**REQUIRED WORK**
With the pictures left out, write out the records verbatim.

**DATA TO PROCESS**
'''

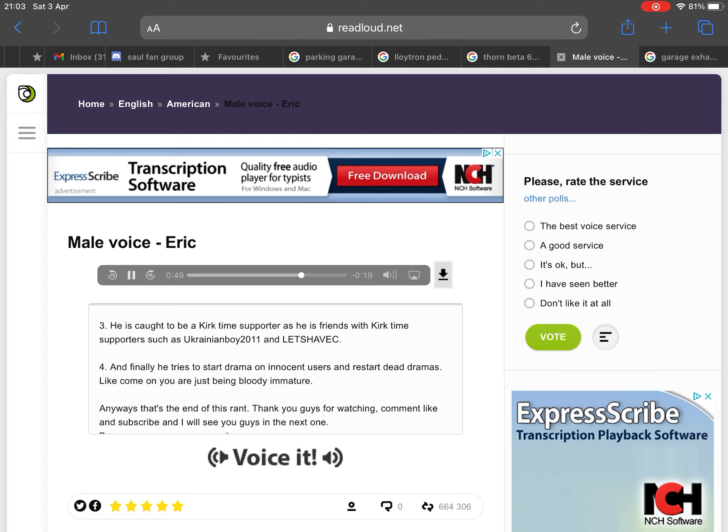And finally, number four: He tries to start drama on innocent users and restart dead dramas. Like, come on, you are just being bloody immature.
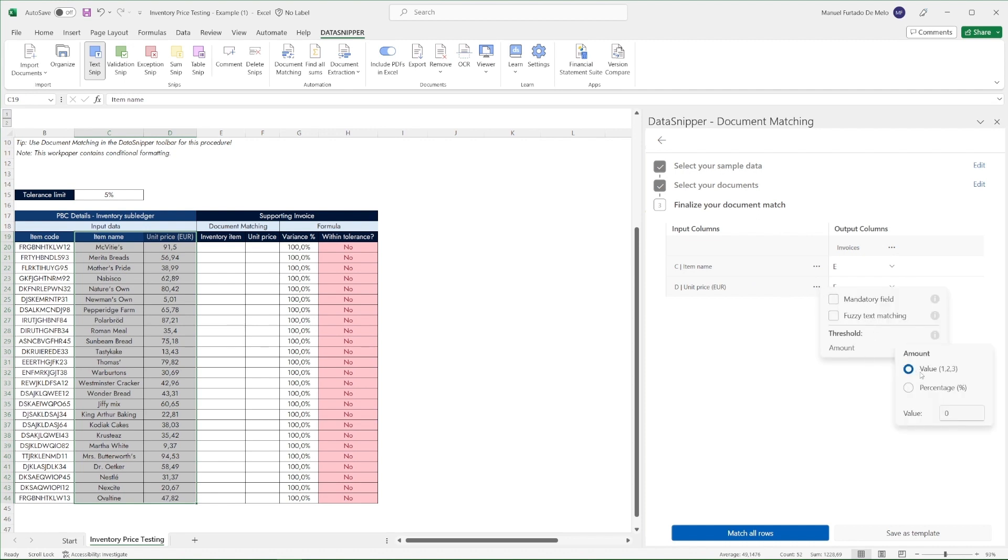In addition to account for rounding issues we'll set a threshold amount difference so that Data Snipper can still find the correct matches for the input we've selected.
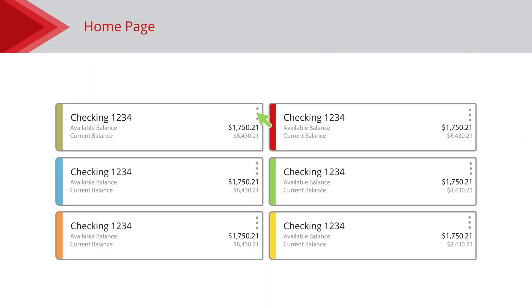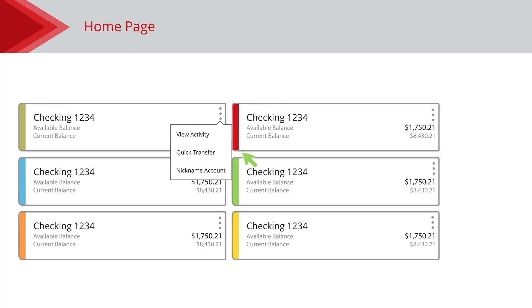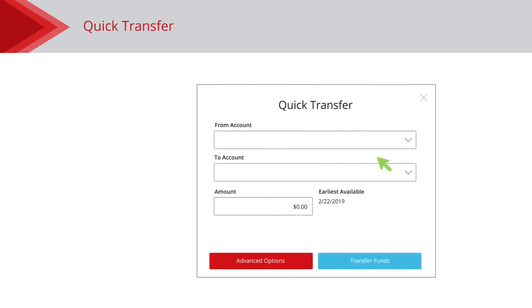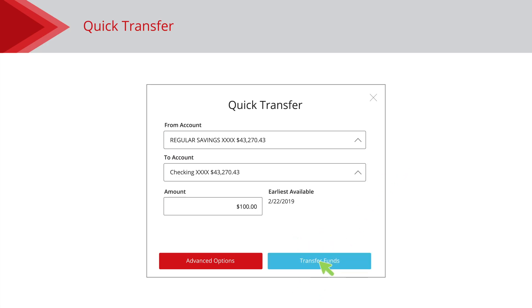Click the dots on the right side of an account card and select Quick Transfer. Use the From and To dropdowns to choose accounts to send and receive the funds. Enter an amount to transfer and click the Transfer Funds button when you are finished.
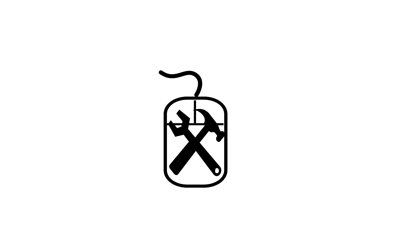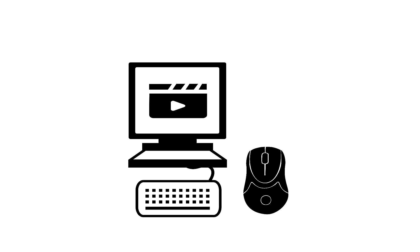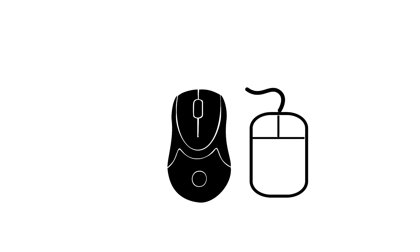It would take another eight years before the mouse was improved upon again. This time in 1980, with the invention of the optical mouse, which is more than likely the type of mouse you're using right now. Despite being invented in 1980, the optical mouse didn't replace the ball mouse until around 1998.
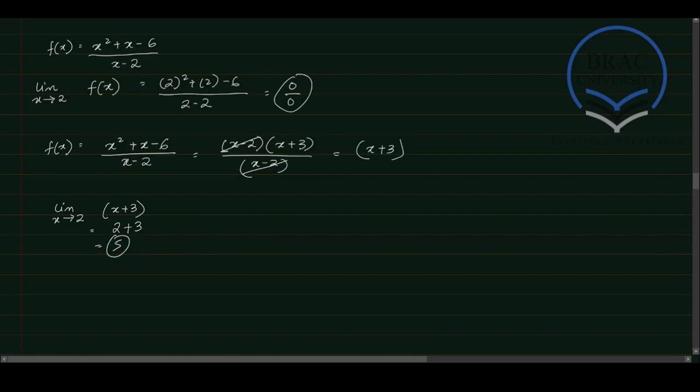So you see how simply we used the technique of algebraic manipulation to avoid the indeterminate form that we received earlier.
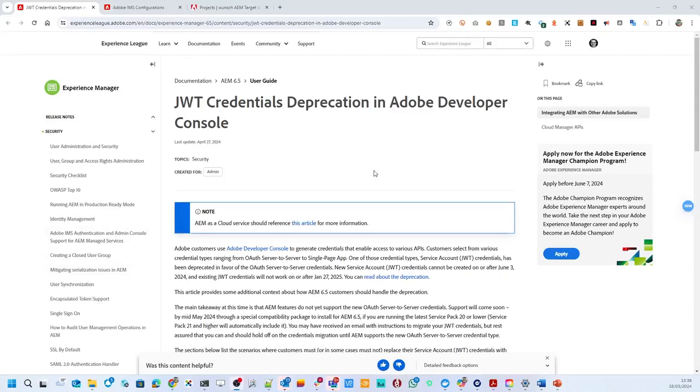Hello, my name is Robert Wunsch, and today I would like to talk about JWT credentials deprecation in Adobe Developer Console, which will be migrated to OAuth. Let's have a look.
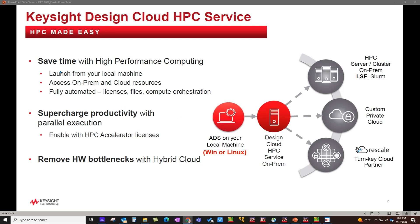With this capability, you would be able to save time with high performance computing, supercharge your productivity with parallel execution of jobs, and remove hardware bottleneck with hybrid cloud. And the best part is the user can have ADS on either Windows or Linux operating system, as this service is totally transparent, no matter what operating system you might be using.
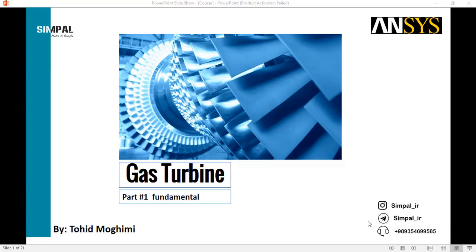Hello my friends, I'm Toit Molimi from Simpal Group with a gas turbine simulation course. I hope it will be useful for you and that you enjoy it.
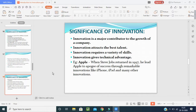The significance of innovations: invention is a major contribution to the growth of a company; innovation attracts the best talents — a skillful person will bring out his talent in the modification of the product, changing color, pattern, taste, preference and behavior; innovation gives technical advantage. For example, when Steve Jobs returned to Apple in 1997, he led Apple to great success through remarkable innovations like iPhone, iPad and many others. His dream came true and many people are using these innovations today — this is called the significance of innovations.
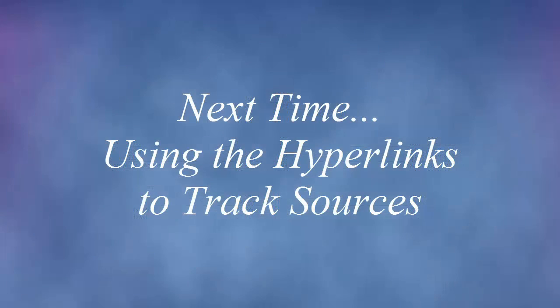Next time we're going to start looking at these links and all the different things that we can do with that. And I hope you'll join me for that video tutorial as well. Thanks for joining me today.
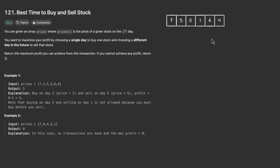Hello everyone, let's solve a new LeetCode problem together. Today we will solve LeetCode 121: Best Time to Buy and Sell Stock. You are given an array prices where prices[i] is the price of a given stock at the i-th day. We want to maximize our profit by choosing a single day to buy one stock and a different day in the future to sell the stock.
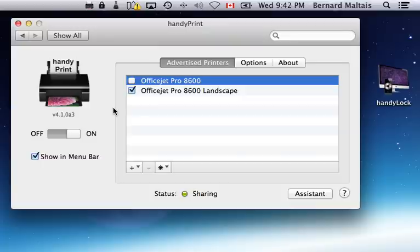It's that simple to share or unshare printers to iOS devices.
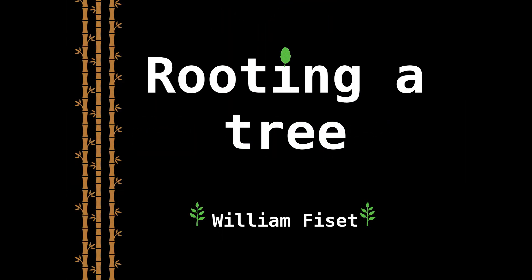Hello, and welcome. My name is William, and today we're having a look at how to root a tree.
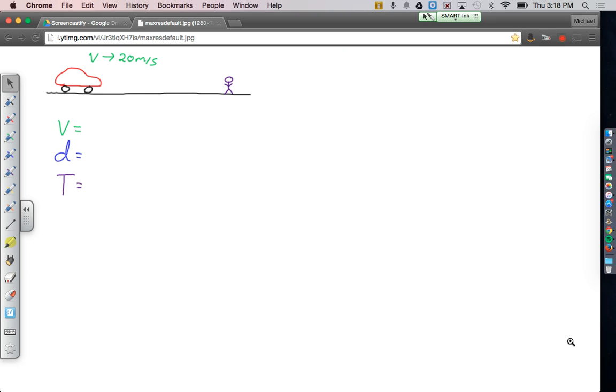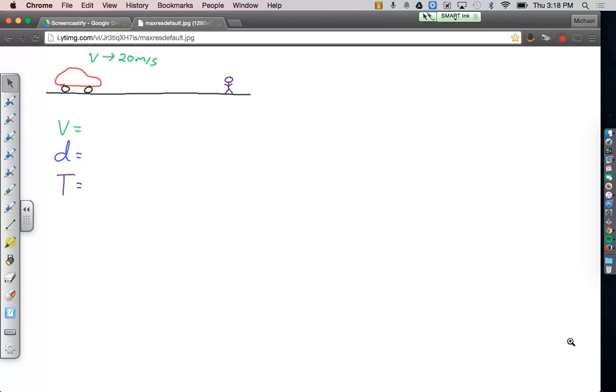All right, in this problem you're driving down the road and you're traveling 20 meters per second, or about 45 miles an hour. You see a child run into the road up ahead. Obviously you don't want to hit the child, so you slam on the brakes. But it takes you 0.75 seconds for your foot to go from the gas pedal to the brake pedal.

'''

**OUTPUT FOR THIS EXERCISE**
And finally, number four: He tries to start drama on innocent users and restart dead dramas. Like, come on, you are just being bloody immature.
In addition to account for rounding issues we'll set a threshold amount difference so that Data Snipper can still find the correct matches for the input we've selected.
Click the dots on the right side of an account card and select Quick Transfer. Use the From and To dropdowns to choose accounts to send and receive the funds. Enter an amount to transfer and click the Transfer Funds button when you are finished.
It would take another eight years before the mouse was improved upon again. This time in 1980, with the invention of the optical mouse, which is more than likely the type of mouse you're using right now. Despite being invented in 1980, the optical mouse didn't replace the ball mouse until around 1998.
So you see how simply we used the technique of algebraic manipulation to avoid the indeterminate form that we received earlier.
Hello, my name is Robert Wunsch, and today I would like to talk about JWT credentials deprecation in Adobe Developer Console, which will be migrated to OAuth. Let's have a look.
With this capability, you would be able to save time with high performance computing, supercharge your productivity with parallel execution of jobs, and remove hardware bottleneck with hybrid cloud. And the best part is the user can have ADS on either Windows or Linux operating system, as this service is totally transparent, no matter what operating system you might be using.
Hello my friends, I'm Toit Molimi from Simpal Group with a gas turbine simulation course. I hope it will be useful for you and that you enjoy it.
The significance of innovations: invention is a major contribution to the growth of a company; innovation attracts the best talents — a skillful person will bring out his talent in the modification of the product, changing color, pattern, taste, preference and behavior; innovation gives technical advantage. For example, when Steve Jobs returned to Apple in 1997, he led Apple to great success through remarkable innovations like iPhone, iPad and many others. His dream came true and many people are using these innovations today — this is called the significance of innovations.
Next time we're going to start looking at these links and all the different things that we can do with that. And I hope you'll join me for that video tutorial as well. Thanks for joining me today.
Hello everyone, let's solve a new LeetCode problem together. Today we will solve LeetCode 121: Best Time to Buy and Sell Stock. You are given an array prices where prices[i] is the price of a given stock at the i-th day. We want to maximize our profit by choosing a single day to buy one stock and a different day in the future to sell the stock.
It's that simple to share or unshare printers to iOS devices.
Hello, and welcome. My name is William, and today we're having a look at how to root a tree.
All right, in this problem you're driving down the road and you're traveling 20 meters per second, or about 45 miles an hour. You see a child run into the road up ahead. Obviously you don't want to hit the child, so you slam on the brakes. But it takes you 0.75 seconds for your foot to go from the gas pedal to the brake pedal.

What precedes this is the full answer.